Task directions ::
A word-for-word restatement of every record is required.

*** Excerpted records Section Begins ***

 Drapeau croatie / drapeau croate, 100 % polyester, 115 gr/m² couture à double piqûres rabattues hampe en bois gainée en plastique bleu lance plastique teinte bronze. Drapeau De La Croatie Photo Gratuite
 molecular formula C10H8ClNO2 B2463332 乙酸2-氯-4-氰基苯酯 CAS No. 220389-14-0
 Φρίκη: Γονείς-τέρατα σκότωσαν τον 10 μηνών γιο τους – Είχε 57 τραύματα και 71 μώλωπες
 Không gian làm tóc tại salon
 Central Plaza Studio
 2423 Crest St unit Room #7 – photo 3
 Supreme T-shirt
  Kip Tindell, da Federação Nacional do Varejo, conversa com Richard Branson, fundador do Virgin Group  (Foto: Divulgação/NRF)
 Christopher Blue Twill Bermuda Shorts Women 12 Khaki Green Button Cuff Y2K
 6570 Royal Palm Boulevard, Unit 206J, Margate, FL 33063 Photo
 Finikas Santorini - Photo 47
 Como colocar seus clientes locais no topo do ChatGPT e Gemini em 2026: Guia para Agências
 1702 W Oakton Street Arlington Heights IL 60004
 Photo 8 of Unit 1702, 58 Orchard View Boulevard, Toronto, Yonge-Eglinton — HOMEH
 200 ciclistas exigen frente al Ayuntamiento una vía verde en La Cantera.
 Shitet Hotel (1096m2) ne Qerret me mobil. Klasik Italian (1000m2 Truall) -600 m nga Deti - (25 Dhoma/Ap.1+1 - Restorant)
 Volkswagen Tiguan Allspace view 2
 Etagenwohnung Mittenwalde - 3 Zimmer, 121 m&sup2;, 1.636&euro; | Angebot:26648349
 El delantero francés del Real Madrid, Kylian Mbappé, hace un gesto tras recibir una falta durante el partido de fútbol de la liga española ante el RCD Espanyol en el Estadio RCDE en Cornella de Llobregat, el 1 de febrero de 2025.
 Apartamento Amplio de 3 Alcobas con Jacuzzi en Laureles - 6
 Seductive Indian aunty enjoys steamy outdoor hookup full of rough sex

*** Excerpted records Section Ends ***

Solution to the exercise ::
 Drapeau croatie / drapeau croate, 100 % polyester, 115 gr/m² couture à double piqûres rabattues hampe en bois gainée en plastique bleu lance plastique teinte bronze. Drapeau De La Croatie Photo Gratuite
 molecular formula C10H8ClNO2 B2463332 乙酸2-氯-4-氰基苯酯 CAS No. 220389-14-0
 Φρίκη: Γονείς-τέρατα σκότωσαν τον 10 μηνών γιο τους – Είχε 57 τραύματα και 71 μώλωπες
 Không gian làm tóc tại salon
 Central Plaza Studio
 2423 Crest St unit Room #7 – photo 3
 Supreme T-shirt
  Kip Tindell, da Federação Nacional do Varejo, conversa com Richard Branson, fundador do Virgin Group  (Foto: Divulgação/NRF)
 Christopher Blue Twill Bermuda Shorts Women 12 Khaki Green Button Cuff Y2K
 6570 Royal Palm Boulevard, Unit 206J, Margate, FL 33063 Photo
 Finikas Santorini - Photo 47
 Como colocar seus clientes locais no topo do ChatGPT e Gemini em 2026: Guia para Agências
 1702 W Oakton Street Arlington Heights IL 60004
 Photo 8 of Unit 1702, 58 Orchard View Boulevard, Toronto, Yonge-Eglinton — HOMEH
 200 ciclistas exigen frente al Ayuntamiento una vía verde en La Cantera.
 Shitet Hotel (1096m2) ne Qerret me mobil. Klasik Italian (1000m2 Truall) -600 m nga Deti - (25 Dhoma/Ap.1+1 - Restorant)
 Volkswagen Tiguan Allspace view 2
 Etagenwohnung Mittenwalde - 3 Zimmer, 121 m&sup2;, 1.636&euro; | Angebot:26648349
 El delantero francés del Real Madrid, Kylian Mbappé, hace un gesto tras recibir una falta durante el partido de fútbol de la liga española ante el RCD Espanyol en el Estadio RCDE en Cornella de Llobregat, el 1 de febrero de 2025.
 Apartamento Amplio de 3 Alcobas con Jacuzzi en Laureles - 6
 Seductive Indian aunty enjoys steamy outdoor hookup full of rough sex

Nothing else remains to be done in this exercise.